# Pitchers due for strikeout regression using PITCHf/x data

If FanGraphs were a home, or a hotel, or even a tent, I’d live there. I would swim in its oceans of data, lounge in its pools of metrics.

It houses a slew of PITCHf/x data — the numbers collected by the systems installed in all MLB ballparks that measure the frequency, velocity and movement of every pitch by every pitcher. It’s pretty astounding, but it’s also difficult for the untrainted eye to make something of the numbers aside from tracking the declining velocities of CC Sabathia‘s and Yovani Gallardo‘s fastballs.

I used linear regression to see how a pitcher’s contact, swinging strike and other measurable rates affect his strikeout percentage, and how that translates to strikeouts per inning (K/9). Ultimately, the model spits out a formula to generate an expected K/9 for a pitcher. I pulled data from FanGraphs comprised of all qualified pitchers from the last four years (2010 through 2013).

The idea is this: A pitcher who can miss more bats will strike out more batters. FanGraphs’ “Contact %” statistic illustrates this, where a lower contact rate is better. Similarly, a pitcher who can generate more swinging strikes (“SwStr %”) is more likely to strike out batters.

Using this theory coupled with the aforementioned data, I “corrected” the K/9 rates of all 2013 pitchers who notched at least 100 innings. Instead of detailing the full results, here are the largest differentials between expected and actual K/9 rates. (I will list only pitchers I deem fantasy relevant.)

Largest positive differential: Name — expected K/9 – actual K/9) = +/- change

1. Martin Perez — 7.77 – 6.08 = +1.69
2. Jarrod Parker — 7.74 – 6.12) = +1.62
3. Dan Straily — 8.63 – 7.33 = +1.30
4. Jered Weaver — 8.09 – 6.82 = +1.27
5. Hiroki Kuroda — 7.93 – 6.71 = +1.22
6. Kris Medlen — 8.38 –  7.17 = +1.21
7. Francisco Liriano — 10.31 – 9.11 = +1.20
8. Ervin Santana — 8.06 – 6.87 = +1.19
9. Ricky Nolasco — 8.47 – 7.45 = +1.02
10. Tim Hudson — 7.42 (6.51) | +0.91

Largest negative differential:

1. Tony Cingrani — 8.15 – 10.32 = -2.17
2. Ubaldo Jimenez — 7.68 – 9.56 = -1.88
3. Cliff Lee — 7.11 – 8.97 = -1.86
4. Jose Fernandez — 8.15 – 9.75 = -1.60
5. Shelby Miller — 7.20 – 8.78 = -1.58
6. Scott Kazmir — 7.71 – 9.23 = -1.52
7. Yu Darvish — 10.41 – 11.89 = -1.48
8. Lance Lynn — 7.58 – 8.84 = -1.26
9. Justin Masterson — 7.84 (9.09) | -1.25
10. Chris Tillman — 6.60 (7.81) | -1.21

There’s a lot to digest here, so I’ll break it down. It appears Perez was the unluckiest pitcher last year, of the ones who qualified for the study, notching almost 1.7 fewer strikeouts per nine innings than he would be expected to, given the rate of whiffs he induced. Conversely, rookie sensation Cingrani notched almost 2.2 more strikeouts per nine innings than expected.

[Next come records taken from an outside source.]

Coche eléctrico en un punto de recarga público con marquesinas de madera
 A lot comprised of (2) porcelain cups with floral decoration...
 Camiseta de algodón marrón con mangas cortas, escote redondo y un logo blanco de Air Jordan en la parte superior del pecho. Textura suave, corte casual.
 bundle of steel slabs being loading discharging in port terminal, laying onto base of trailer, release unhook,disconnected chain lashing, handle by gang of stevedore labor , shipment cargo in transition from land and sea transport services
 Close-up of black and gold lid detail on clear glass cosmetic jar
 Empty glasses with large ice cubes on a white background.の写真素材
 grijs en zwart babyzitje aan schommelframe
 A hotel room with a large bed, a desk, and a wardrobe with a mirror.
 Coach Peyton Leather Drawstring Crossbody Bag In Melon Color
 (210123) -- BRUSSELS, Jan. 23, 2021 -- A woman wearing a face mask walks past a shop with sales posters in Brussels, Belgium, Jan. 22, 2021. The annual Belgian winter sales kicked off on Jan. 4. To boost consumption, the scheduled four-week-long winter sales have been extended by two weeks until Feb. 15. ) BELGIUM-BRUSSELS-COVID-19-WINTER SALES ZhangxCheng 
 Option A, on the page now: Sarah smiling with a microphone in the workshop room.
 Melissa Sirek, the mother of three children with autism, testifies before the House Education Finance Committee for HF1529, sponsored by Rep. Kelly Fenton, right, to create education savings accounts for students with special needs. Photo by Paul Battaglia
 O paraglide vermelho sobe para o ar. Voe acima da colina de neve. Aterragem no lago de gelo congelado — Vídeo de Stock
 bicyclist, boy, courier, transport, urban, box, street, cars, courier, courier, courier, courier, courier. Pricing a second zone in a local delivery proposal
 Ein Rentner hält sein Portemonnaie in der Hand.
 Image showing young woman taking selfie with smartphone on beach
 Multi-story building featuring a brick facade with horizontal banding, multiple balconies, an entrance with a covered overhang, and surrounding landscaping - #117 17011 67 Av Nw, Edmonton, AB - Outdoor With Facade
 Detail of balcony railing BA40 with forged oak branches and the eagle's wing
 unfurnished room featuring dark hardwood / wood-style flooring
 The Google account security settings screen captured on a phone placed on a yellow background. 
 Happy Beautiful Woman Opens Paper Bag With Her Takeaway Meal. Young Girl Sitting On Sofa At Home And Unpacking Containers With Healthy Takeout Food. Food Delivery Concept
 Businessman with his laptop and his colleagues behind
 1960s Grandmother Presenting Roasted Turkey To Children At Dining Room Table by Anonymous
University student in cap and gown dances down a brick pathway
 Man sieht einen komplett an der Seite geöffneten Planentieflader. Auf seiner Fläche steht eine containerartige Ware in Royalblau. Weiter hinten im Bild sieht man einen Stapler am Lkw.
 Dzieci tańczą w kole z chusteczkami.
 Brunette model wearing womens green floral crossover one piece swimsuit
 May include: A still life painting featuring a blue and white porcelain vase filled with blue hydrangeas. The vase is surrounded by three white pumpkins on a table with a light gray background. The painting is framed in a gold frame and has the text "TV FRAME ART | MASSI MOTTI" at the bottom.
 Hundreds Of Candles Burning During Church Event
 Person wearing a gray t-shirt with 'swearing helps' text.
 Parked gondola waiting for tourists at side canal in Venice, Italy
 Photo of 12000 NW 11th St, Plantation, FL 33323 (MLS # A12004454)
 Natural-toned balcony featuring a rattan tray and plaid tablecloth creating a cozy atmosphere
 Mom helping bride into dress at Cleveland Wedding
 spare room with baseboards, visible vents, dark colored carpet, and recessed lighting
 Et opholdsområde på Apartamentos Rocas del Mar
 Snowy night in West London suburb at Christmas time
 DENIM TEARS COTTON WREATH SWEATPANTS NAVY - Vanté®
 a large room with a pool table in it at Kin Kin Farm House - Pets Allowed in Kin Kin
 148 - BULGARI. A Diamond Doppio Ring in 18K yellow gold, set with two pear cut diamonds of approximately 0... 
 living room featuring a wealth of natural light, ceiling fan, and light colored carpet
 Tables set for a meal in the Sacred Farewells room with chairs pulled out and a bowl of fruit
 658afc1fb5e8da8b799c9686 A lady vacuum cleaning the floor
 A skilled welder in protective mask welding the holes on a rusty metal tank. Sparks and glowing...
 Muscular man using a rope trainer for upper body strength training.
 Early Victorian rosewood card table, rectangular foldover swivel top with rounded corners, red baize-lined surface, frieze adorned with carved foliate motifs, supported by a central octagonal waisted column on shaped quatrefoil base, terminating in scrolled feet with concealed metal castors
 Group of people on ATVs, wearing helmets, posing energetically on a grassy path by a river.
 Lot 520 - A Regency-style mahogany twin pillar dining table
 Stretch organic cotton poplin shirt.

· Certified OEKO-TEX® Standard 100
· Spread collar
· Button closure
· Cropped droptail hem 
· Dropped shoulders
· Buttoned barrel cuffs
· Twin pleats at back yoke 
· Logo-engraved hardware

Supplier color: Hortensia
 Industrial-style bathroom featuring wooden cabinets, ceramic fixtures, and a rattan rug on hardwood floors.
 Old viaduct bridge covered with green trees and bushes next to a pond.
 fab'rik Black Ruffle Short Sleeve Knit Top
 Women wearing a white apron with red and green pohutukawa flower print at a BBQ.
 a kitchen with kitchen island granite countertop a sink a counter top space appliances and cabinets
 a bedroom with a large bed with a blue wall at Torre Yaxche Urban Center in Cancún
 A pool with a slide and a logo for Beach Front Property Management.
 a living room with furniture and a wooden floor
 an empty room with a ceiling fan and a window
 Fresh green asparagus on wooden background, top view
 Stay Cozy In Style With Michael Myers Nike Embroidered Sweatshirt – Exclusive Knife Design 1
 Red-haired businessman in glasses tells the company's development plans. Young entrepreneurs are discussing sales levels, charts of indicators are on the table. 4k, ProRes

There is a caveat. I was not able to account for facets of pitching such as a pitcher’s ability to hide the ball well, or his tendency to draw strikes-looking. With that said, a majority of the so-called lucky ones are pitchers who, in 2013, experienced a breakout (Cingrani, Fernandez, Miller, Darvish, Masterson, Tillman) or a renaissance (Jimenez, Kazmir, Masterson — woah, all Cleveland pitchers). Is it possible these pitchers can all repeat their performances — especially the ones who have disappointed us for years? Perhaps not.

(Update, Jan. 24: Cliff Lee’s mark of -1.86 is, amazingly, not unusual for him. Over the last four years, the average difference between his expected and actual K/9 rates is … drum roll … -1.88. Insane!)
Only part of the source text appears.